Over the last few months, I've had the privilege of having lots of conversations about getting started in open source. So I thought I'd put down a few thoughts both about getting involved more generally in open source, and also specifically some tips on contributing to Nuxt.
From my point of view, open source is about giving. 'Freely you have received, freely give,' are words that mean a lot.
I think open source is a chance to step outside the normal producer-consumer dichotomy and enter the world of relationships. When I download a project or use a library, I'm grateful. It's a meal from a stranger.
And for me, when I have the chance to share something I've made with someone else, I do that to share what I have with them.
I'm not anti-enterprise. I love building a product and winning customers. But for me, open source is a chance to give and receive.
I know exactly what it's like to look into a community from the outside. Because it can be a place of relationships, it also can be a place of in-crowds. It's easy to feel you have no 'right' to be there when you see talented and admirable engineers who know each other and are working as a team.
My own story was very much one of coming into open source from the outside.
Here are some things I believe about giving into an open-source project:
- If you are new to a project (as to a company), you have a priceless gift. You can see more clearly than people who are already there. You might be in a perfect position to challenge 'received wisdom.' 💡
- If you care about a project (because you are using its documentation, API or library) then you are in the best position to make it better. Fixing something that was a pain for you, or building the feature you wish you had? That's user research + product + engineering, all in one. 👌
- Contributing to open source is a phenomenal way to grow. And there are huge rewards too, from deep friendships to career opportunities. ✨
If you want to contribute to Nuxt, feel free to book a chat at any point.

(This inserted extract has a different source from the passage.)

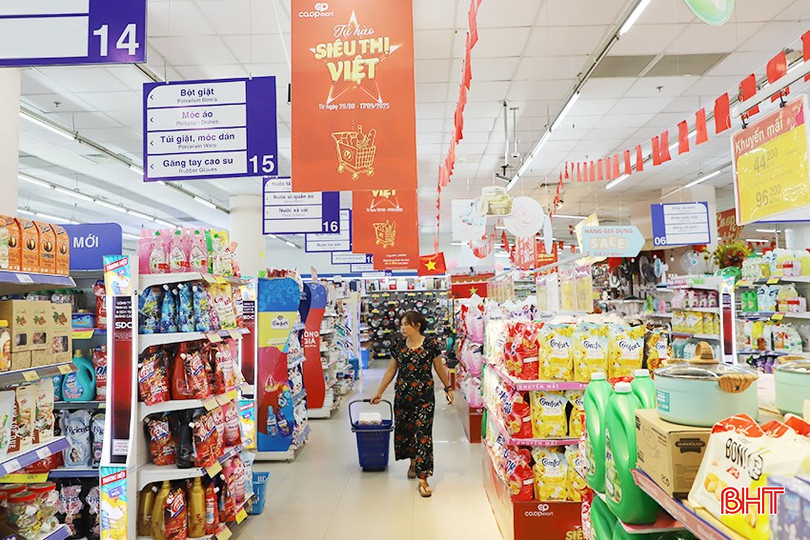 Als Einkaufsziel, das an jedem Feiertag eine große Anzahl von Kunden begrüßt, führte der Co.opmart Ha Tinh Supermarket anlässlich des 80. Jahrestages des Nationalfeiertags auch das Programm „Stolz auf den vietnamesischen Supermarkt“ mit vielen attraktiven Werbeaktionen für Kunden durch. bqbht_br_9-8398.jpg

You can also check out our contribution guide. And, if it can be better, maybe that could be your first issue or pull request.
If you're looking for a place to start, why not start with one of these filtered issue searches:
- Documentation. Often these already have a solution or hint in the comments, but it needs to be brought into the docs.
- Good first issues. We try to use this issue not for easy issues but ones that have a clear scope and are ready-to-build.
- Triage. One of the biggest jobs is sorting through new issues that people raise, and figuring out whether they are duplicates, real bugs, or need more information before we can begin investigating or fixing them. Commenting and trying to reproduce bugs is hugely helpful.